Pamela Mitchell, the press association’s executive director, said in an interview that the group supported it to give greater clarity to the often convoluted public records law.
But Kathy Spurlock, The News-Star’s editor, said the real reason was the group’s fear that if it opposed Jindal, he might try to get the Legislature to yank an important revenue source, the legal notices that government agencies are required to print in certain publications—typically newspapers.
Sheriffs, courts, city councils and police juries are among government agencies that have to publish public notices of their business in “official journals,” a revenue stream worth an aggregate $6 million to $8 million a year to the state’s newspapers, Mitchell estimated.

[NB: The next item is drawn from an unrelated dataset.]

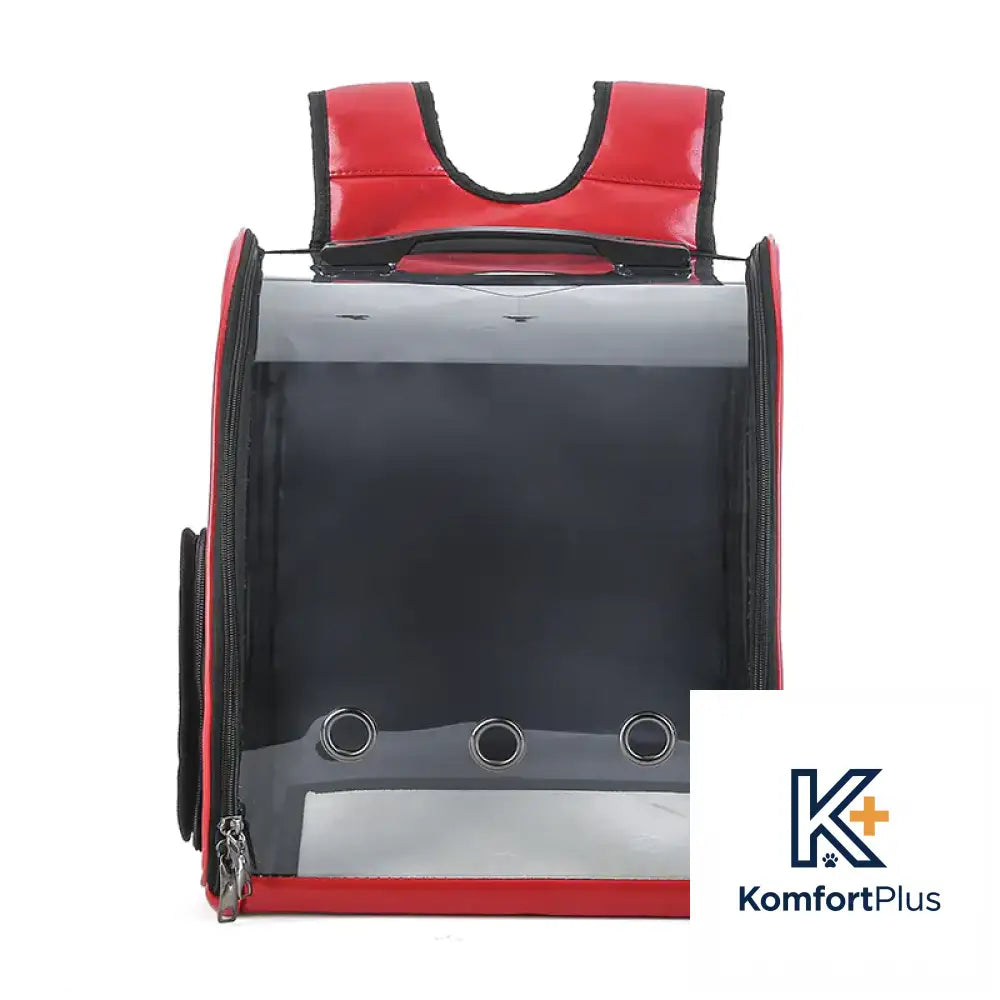 Transparent Foldable Pet Backpack for Cats and Dogs Gray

With newspapers increasingly publishing online, some people believe that the notices should be published on government websites, at no cost to taxpayers.
Industry support for the 2009 “deliberative process” law was “a business decision to keep the legal notices,” Spurlock said bluntly. “For a lot of small newspapers, legal notices are a key component of their revenue. There are always business issues that go along with freedom-of-the-press issues.”
Mitchell and Johnny Koch, the press association’s Baton Rouge lobbyist, acknowledged that legal notices were a factor in its support for SB 278, but said they weren’t the main reason.
Mitchell and Koch said the press association’s members haven’t decided yet how hard they’ll push to restrict the 2009 law.
Lawmakers and editors told The Lens that they expect that courts would limit or overturn the 2009 law, but no one so far has offered to assume a lawsuit’s cost.
“The economics of newspapers today does not support the filing of lawsuits,” Koch said, a reference to plunging circulation and advertising revenues. “Ultimately, we need a Louisiana Supreme Court decision to resolve this matter.”
Update: Jimmy Faircloth’s comment regarding his 2009 testimony was added after this story was published.
Correction: The original version of this story misstated Sen. Robert Adley’s residence. The error has been corrected.